* [Given information]
========================================================================

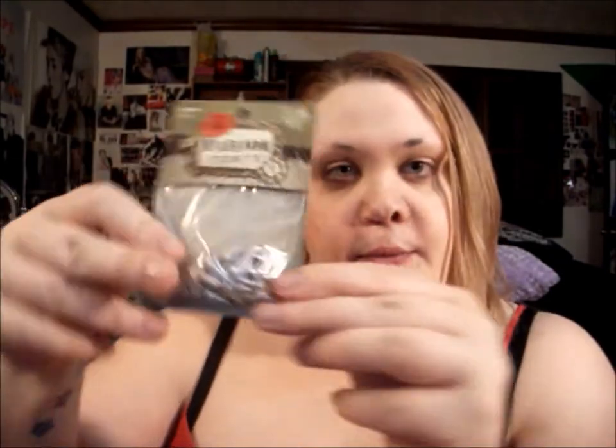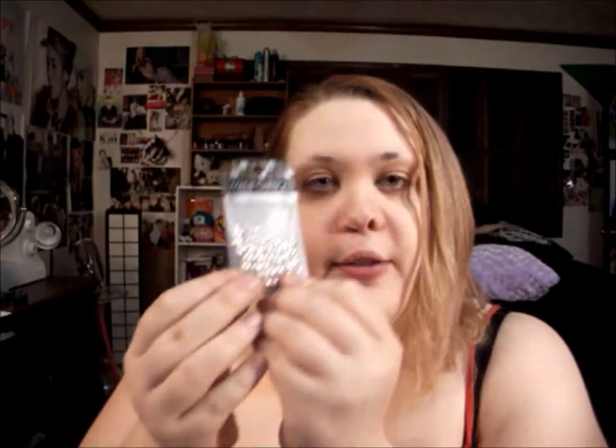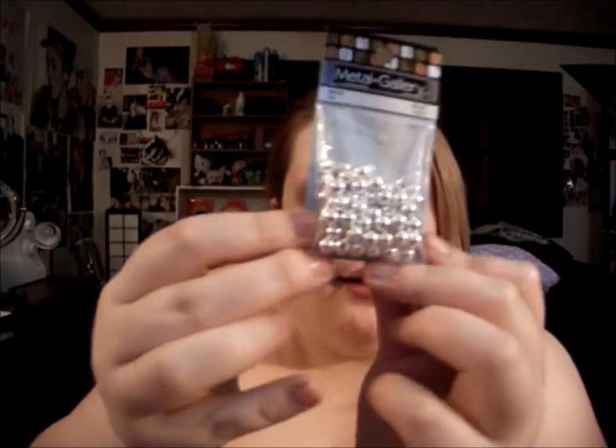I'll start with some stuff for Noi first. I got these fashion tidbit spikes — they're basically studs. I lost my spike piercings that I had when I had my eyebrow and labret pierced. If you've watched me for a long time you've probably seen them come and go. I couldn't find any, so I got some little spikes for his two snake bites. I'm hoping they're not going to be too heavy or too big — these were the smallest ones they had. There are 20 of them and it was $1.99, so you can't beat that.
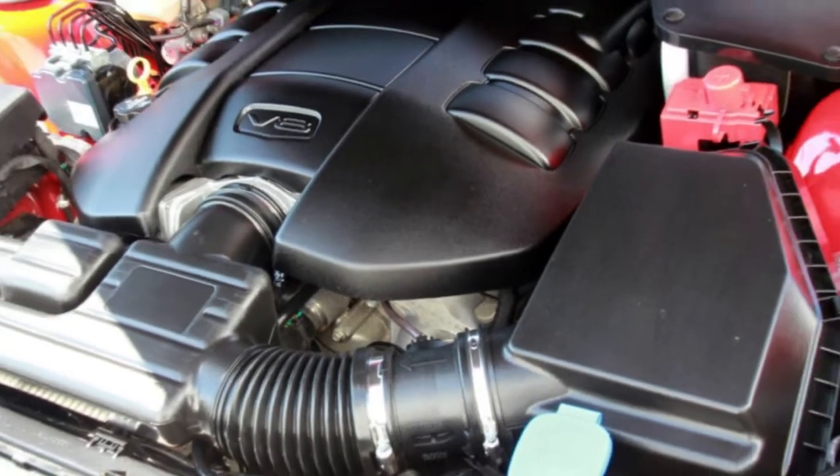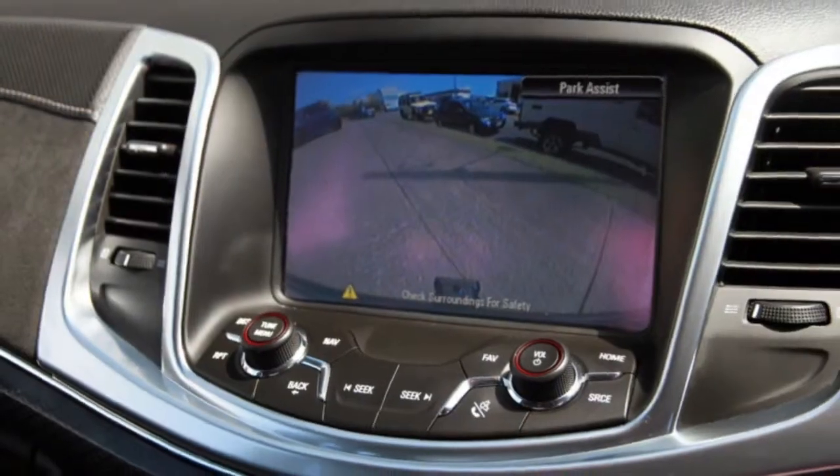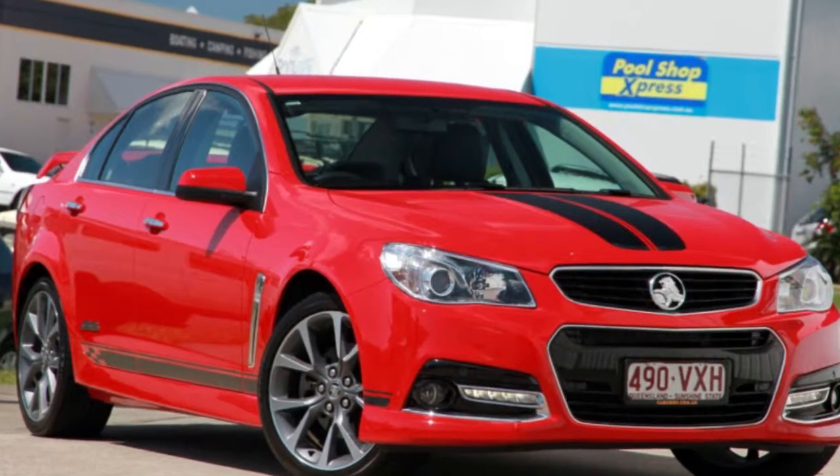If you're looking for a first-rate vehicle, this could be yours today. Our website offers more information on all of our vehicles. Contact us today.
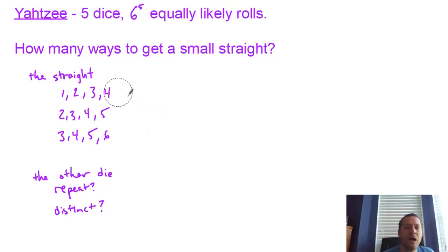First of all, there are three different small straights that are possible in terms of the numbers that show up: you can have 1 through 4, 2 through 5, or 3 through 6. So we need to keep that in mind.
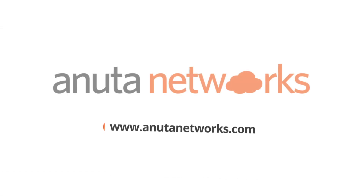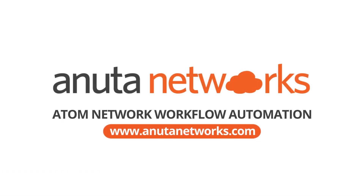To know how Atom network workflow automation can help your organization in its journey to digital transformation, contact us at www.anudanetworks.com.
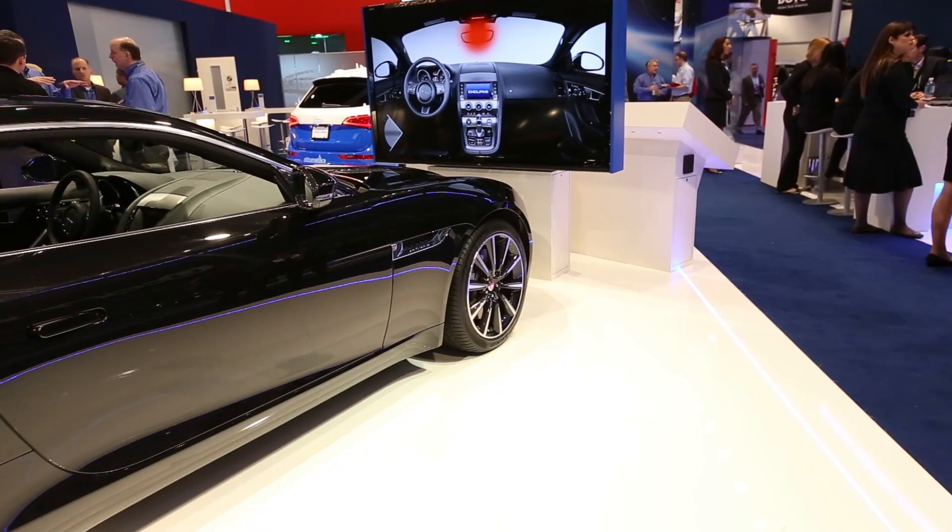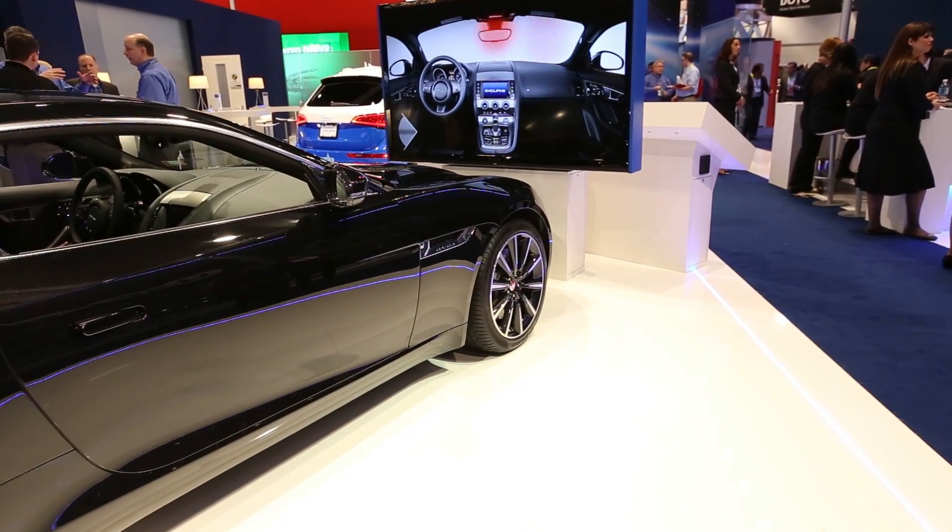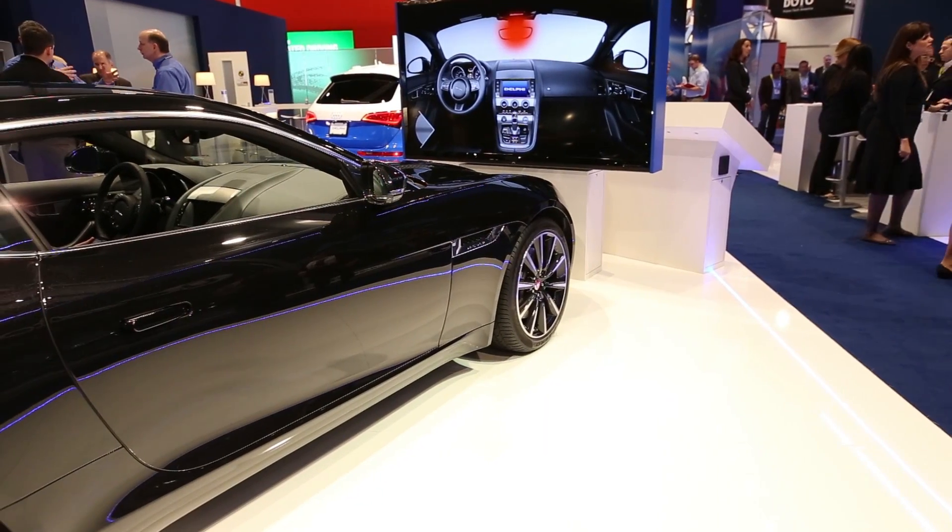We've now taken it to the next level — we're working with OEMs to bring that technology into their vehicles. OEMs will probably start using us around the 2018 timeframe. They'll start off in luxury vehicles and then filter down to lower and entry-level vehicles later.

========================================================================

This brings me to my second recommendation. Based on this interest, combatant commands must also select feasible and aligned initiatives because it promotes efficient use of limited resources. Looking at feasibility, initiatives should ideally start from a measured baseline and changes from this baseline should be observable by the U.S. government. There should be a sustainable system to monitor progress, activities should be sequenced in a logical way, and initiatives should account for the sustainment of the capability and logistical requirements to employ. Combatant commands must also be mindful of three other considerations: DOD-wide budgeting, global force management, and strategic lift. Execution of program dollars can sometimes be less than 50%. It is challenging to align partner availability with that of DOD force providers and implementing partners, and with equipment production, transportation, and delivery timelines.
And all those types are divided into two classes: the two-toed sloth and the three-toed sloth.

========================================================================

* [Task prompt] Print, exactly, each line above from the one with "I'll start with" to the one with "To know how", end lines included. Leave pictures out of it.

* [Reply to the exercise]
I'll start with some stuff for Noi first. I got these fashion tidbit spikes — they're basically studs. I lost my spike piercings that I had when I had my eyebrow and labret pierced. If you've watched me for a long time you've probably seen them come and go. I couldn't find any, so I got some little spikes for his two snake bites. I'm hoping they're not going to be too heavy or too big — these were the smallest ones they had. There are 20 of them and it was $1.99, so you can't beat that.
If you're looking for a first-rate vehicle, this could be yours today. Our website offers more information on all of our vehicles. Contact us today.
First of all, there are three different small straights that are possible in terms of the numbers that show up: you can have 1 through 4, 2 through 5, or 3 through 6. So we need to keep that in mind.
To know how Atom network workflow automation can help your organization in its journey to digital transformation, contact us at www.anudanetworks.com.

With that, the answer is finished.